(Phrase grounding data)
^^^^^^^^
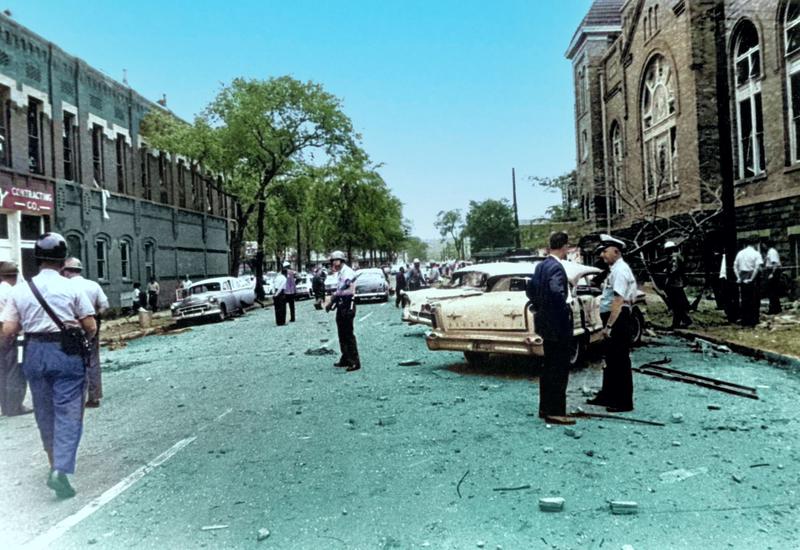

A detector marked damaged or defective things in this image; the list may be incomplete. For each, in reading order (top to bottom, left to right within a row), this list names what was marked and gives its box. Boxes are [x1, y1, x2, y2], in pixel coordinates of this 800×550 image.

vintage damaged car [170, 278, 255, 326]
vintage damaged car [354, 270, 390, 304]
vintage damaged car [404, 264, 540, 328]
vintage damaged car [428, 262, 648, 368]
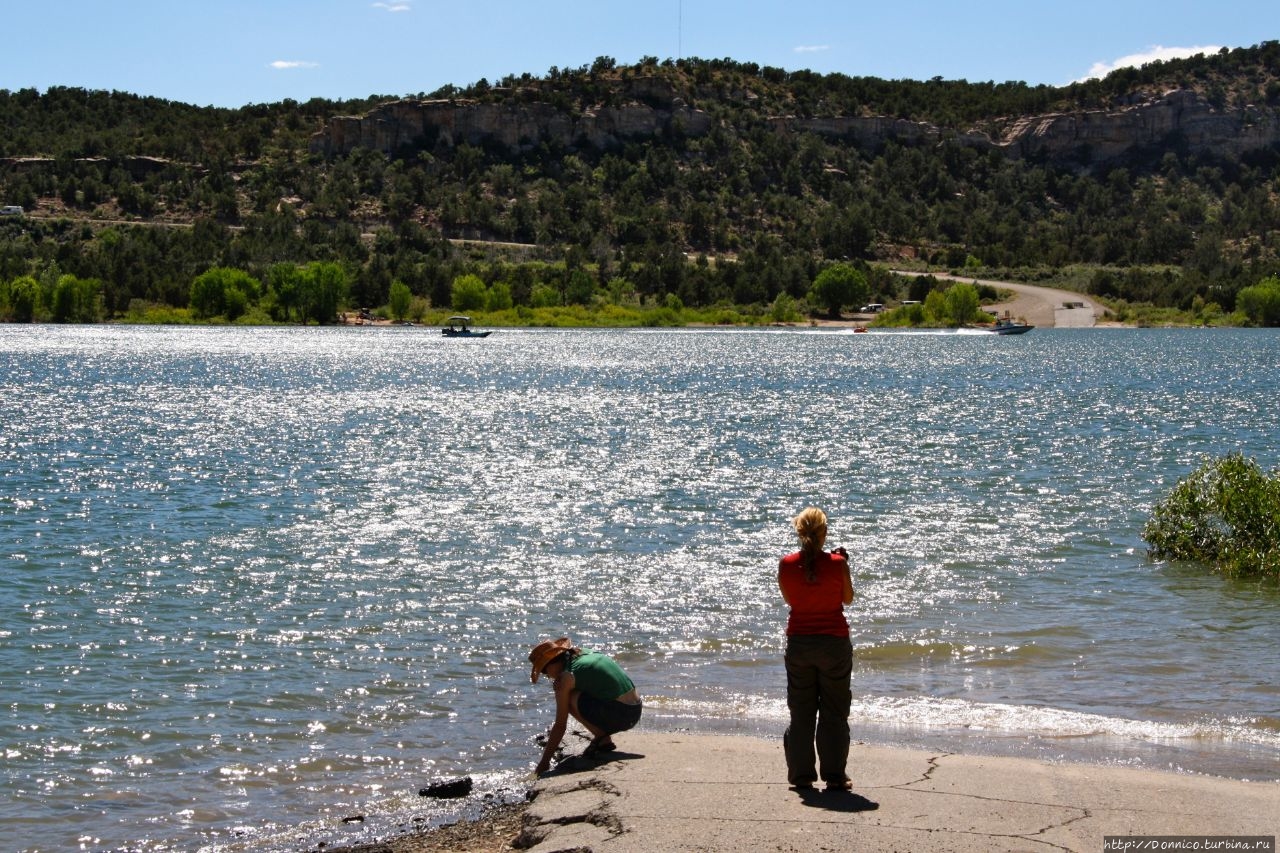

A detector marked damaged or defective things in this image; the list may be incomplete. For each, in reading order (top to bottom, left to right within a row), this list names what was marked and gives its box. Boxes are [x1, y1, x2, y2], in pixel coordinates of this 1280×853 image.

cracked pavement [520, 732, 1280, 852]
^^^^^^^^
Every line above should be retyped exactly; the pictures do not belong in the copy.

■ Expected output:
A detector marked damaged or defective things in this image; the list may be incomplete. For each, in reading order (top to bottom, left to right within a row), this list names what was marked and gives its box. Boxes are [x1, y1, x2, y2], in pixel coordinates of this 800×550 image.

vintage damaged car [170, 278, 255, 326]
vintage damaged car [354, 270, 390, 304]
vintage damaged car [404, 264, 540, 328]
vintage damaged car [428, 262, 648, 368]

A detector marked damaged or defective things in this image; the list may be incomplete. For each, in reading order (top to bottom, left to right within a row), this list names what was marked and gives its box. Boxes are [x1, y1, x2, y2], in pixel coordinates of this 1280×853 image.

cracked pavement [520, 732, 1280, 852]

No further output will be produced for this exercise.